*** Extracted material ***

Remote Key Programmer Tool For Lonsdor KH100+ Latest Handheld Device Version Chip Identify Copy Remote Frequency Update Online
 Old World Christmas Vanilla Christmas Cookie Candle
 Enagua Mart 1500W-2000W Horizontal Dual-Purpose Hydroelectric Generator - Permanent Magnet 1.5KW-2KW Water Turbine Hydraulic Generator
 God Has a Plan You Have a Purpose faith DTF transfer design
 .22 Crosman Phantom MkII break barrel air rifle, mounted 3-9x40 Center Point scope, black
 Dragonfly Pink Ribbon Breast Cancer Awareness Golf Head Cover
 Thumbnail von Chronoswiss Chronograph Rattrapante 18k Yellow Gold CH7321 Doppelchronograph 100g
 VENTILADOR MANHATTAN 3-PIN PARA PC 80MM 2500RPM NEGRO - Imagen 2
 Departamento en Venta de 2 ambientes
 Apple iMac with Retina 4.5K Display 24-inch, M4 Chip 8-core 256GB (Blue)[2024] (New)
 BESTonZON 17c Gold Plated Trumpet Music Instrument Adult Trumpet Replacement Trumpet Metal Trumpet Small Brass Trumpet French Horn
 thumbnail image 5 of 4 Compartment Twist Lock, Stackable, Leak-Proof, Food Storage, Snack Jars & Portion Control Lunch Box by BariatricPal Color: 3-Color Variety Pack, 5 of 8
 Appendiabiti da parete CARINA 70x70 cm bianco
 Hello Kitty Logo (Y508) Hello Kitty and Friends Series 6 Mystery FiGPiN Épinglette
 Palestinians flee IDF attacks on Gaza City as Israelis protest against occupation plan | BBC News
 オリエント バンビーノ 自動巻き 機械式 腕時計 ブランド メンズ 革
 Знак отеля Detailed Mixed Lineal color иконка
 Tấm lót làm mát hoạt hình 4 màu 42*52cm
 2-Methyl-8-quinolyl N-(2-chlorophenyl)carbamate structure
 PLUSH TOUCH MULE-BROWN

*** End of Extracted material ***

**Task details**
From the records above, print only the lines between the one holding "Dragonfly Pink Ribbon" and the one holding "BESTonZON 17c Gold", inclusive, exactly as they stand.

**Solution to the exercise**
 Dragonfly Pink Ribbon Breast Cancer Awareness Golf Head Cover
 Thumbnail von Chronoswiss Chronograph Rattrapante 18k Yellow Gold CH7321 Doppelchronograph 100g
 VENTILADOR MANHATTAN 3-PIN PARA PC 80MM 2500RPM NEGRO - Imagen 2
 Departamento en Venta de 2 ambientes
 Apple iMac with Retina 4.5K Display 24-inch, M4 Chip 8-core 256GB (Blue)[2024] (New)
 BESTonZON 17c Gold Plated Trumpet Music Instrument Adult Trumpet Replacement Trumpet Metal Trumpet Small Brass Trumpet French Horn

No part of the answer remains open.